今年のトピックはやっとバランス型EQアンプができたことだろう。数年前からイコライザーを作るぞと宣言してやっとできた。この間レコードプレーヤーやMMカートリッジを頂いたりして、オーディオ仲間にも助けられた。
 本格的バランス型EQアンプとしての完成度は自分なりに良く出来たアンプに仕上がっていると思っている。性能、音質ともに高いレベルで収まっていて、それ程直すところがない。独りよがりの評価だからあてにならないかもしれないが。
 最初はクラシックのLPレコードをだくさんいただいたことからこのプロジェクトは始まったが、今完成してLPレコードを聴いてみるとジャズをLPで聴いてみると非常に楽しい。また音質的にもCDよりLPの方が良い場合があり、さらに楽しいのだ。あの細い針の振動だけでたくさんの音を拾ってくれる。余韻まで拾ってくれる。単純な動作原理だが、そこから出てくる音は素晴らしいと感ずる。これは僕のEQを褒めている訳ではなく、LPシステムを褒めているのだ。LPレコード、カートリッジなどそこに詰まっている技術は改めて素晴らしいと感ずる。昔の技術者も素晴らしい。

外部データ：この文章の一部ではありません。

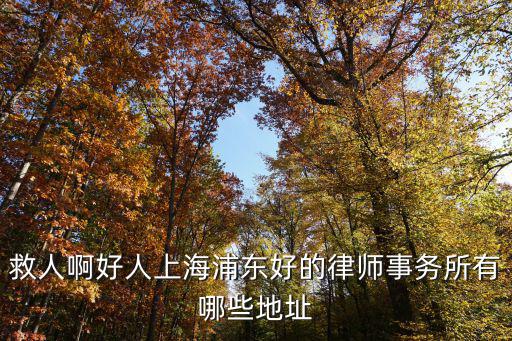 救人啊好人上海浦東好的律師事務(wù)所有哪些地址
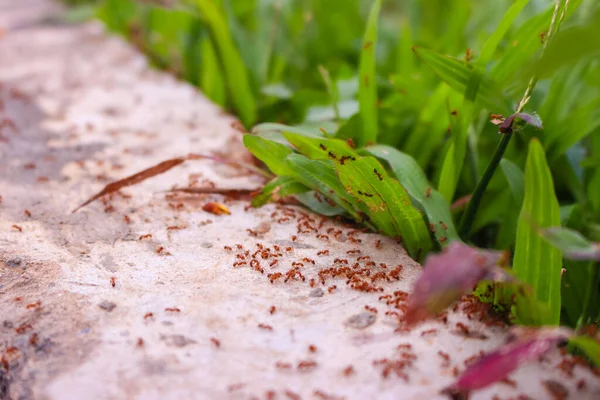 Schwarm Roter Ameisen Gras — Stockfoto
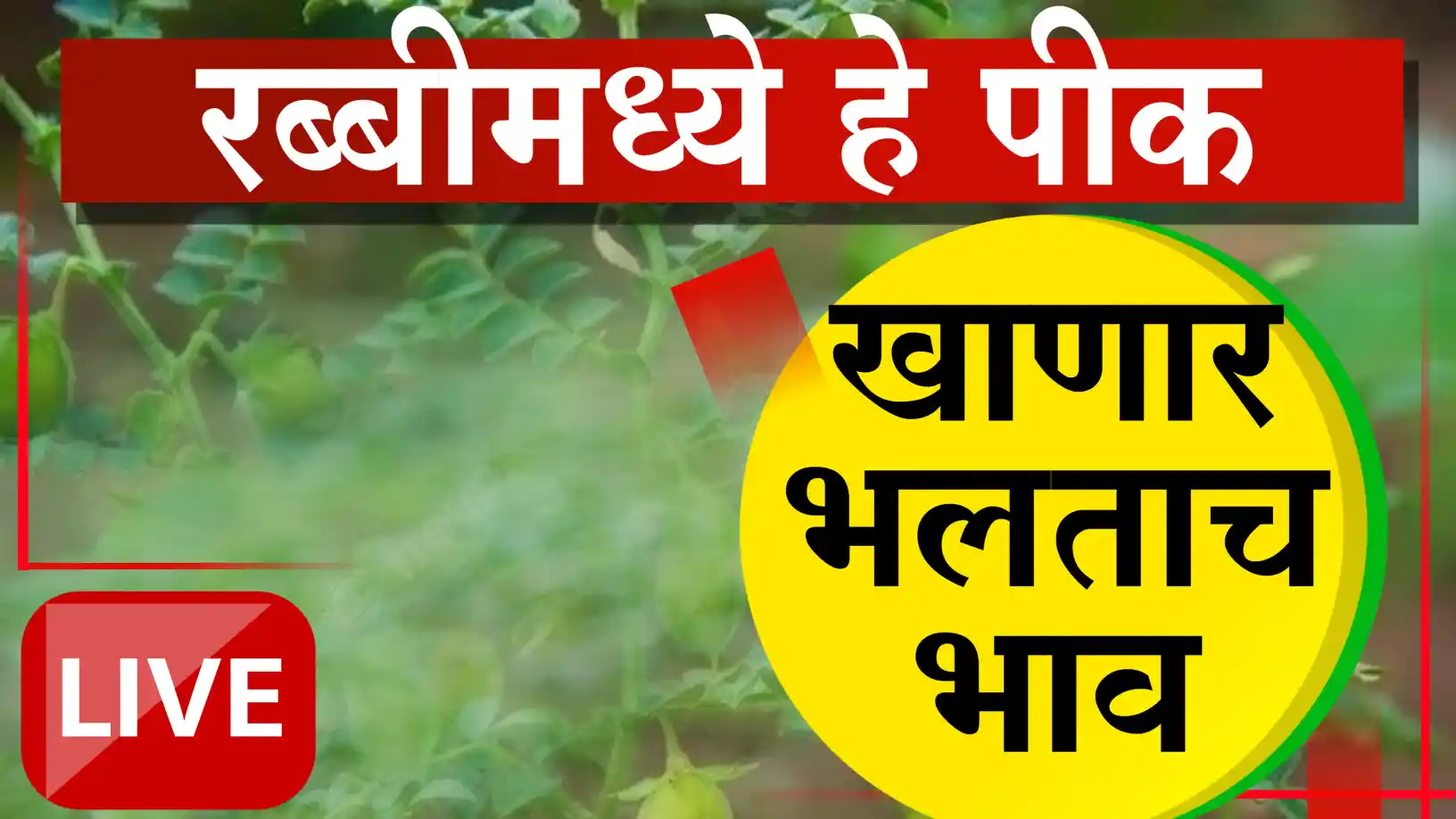 रब्बी हंगामात 'हे' पीक नियोजन ठरू शकते फायदेशीर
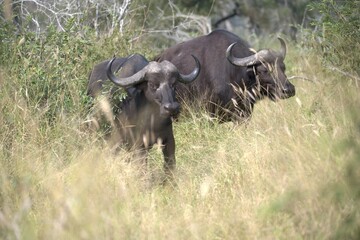 buffalo in Savanna , Animal of Africa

今年このバランス型EQアンプを作ってみて、今後我が家のシステム全部をバランス伝送、バランス増幅にしてみたくなっている。これまでの経験から低域の出方が違うように思えるからだ。バランス型のアンプの設計はすでに経験があるのでそれ程難しい話ではないが、また別の新しい実験も兼ねてこれらのアンプを設計してみたいと思っている。またDACも作ってみたくなってきた。

また来年もよろしくお願いいたします。


 
 <レポート完成>
 2013年12月11日 

先週やっとのことで<バランス型EQアンプの設計>レポートをHPにアップした。これまで下書き用文章、測定グラフ、写真、説明図、回路図などを少しずつ準備してきた。もう12月になったし、今年中にはこのレポートを完成させなくてはとは思ってきたが、最近以前より集中力がなくなってきてなかなかアップできないでいた。先週この重い腰をやっと上げ完成した次第である。
 ただこれらの材料を簡単にHPにコピーできるかといえば、少しは工夫がいって簡単ではない。今回は新たな問題も持ち上がり少し手間取った。今回の問題は回路図とグラフのコピーだった。その大きな原因は昨年コンピュータをあたらしくWindows8に変えたため機能が変わり以前のような手順ではコピーできなくなってしまった。例えば回路図は回路図データをビットマップに変換し、それを必要な部分だけトリミングで切り取り、それをHP上にコピーしているが、今回Windows8の機能でビットマップデータをトリミングする機能が無くなってしまっていた。そこで無料ペイントソフトをダウンロードしてその機能を復活させてようやく予定の画像を貼り付けることができるようになった。何事も環境が変わると作業内容が変わるものだと改めて知らされた。それにしても最近のコンピュータは複雑で手が付けられない。
 それはともかく、やっと<バランス型EQアンプの設計>レポートができたので気持ちがやっと晴れた。正直内容は丁寧な説明になっていない。自分の記憶残しのために書いているのでかなり独自な構成になっていて、たぶんわかり難い文章構成になっていると思う。レポートの出来不出来で私の収入が変わる訳ではないので、その点不親切な文章になっていると思われる。文章を書いていったらノイズ中心の話になってしまい、ここに興味のない方にはつまらないレポートかもしれない。こんなことを考えながら設計しているんだと大雑把に理解していただければと思います。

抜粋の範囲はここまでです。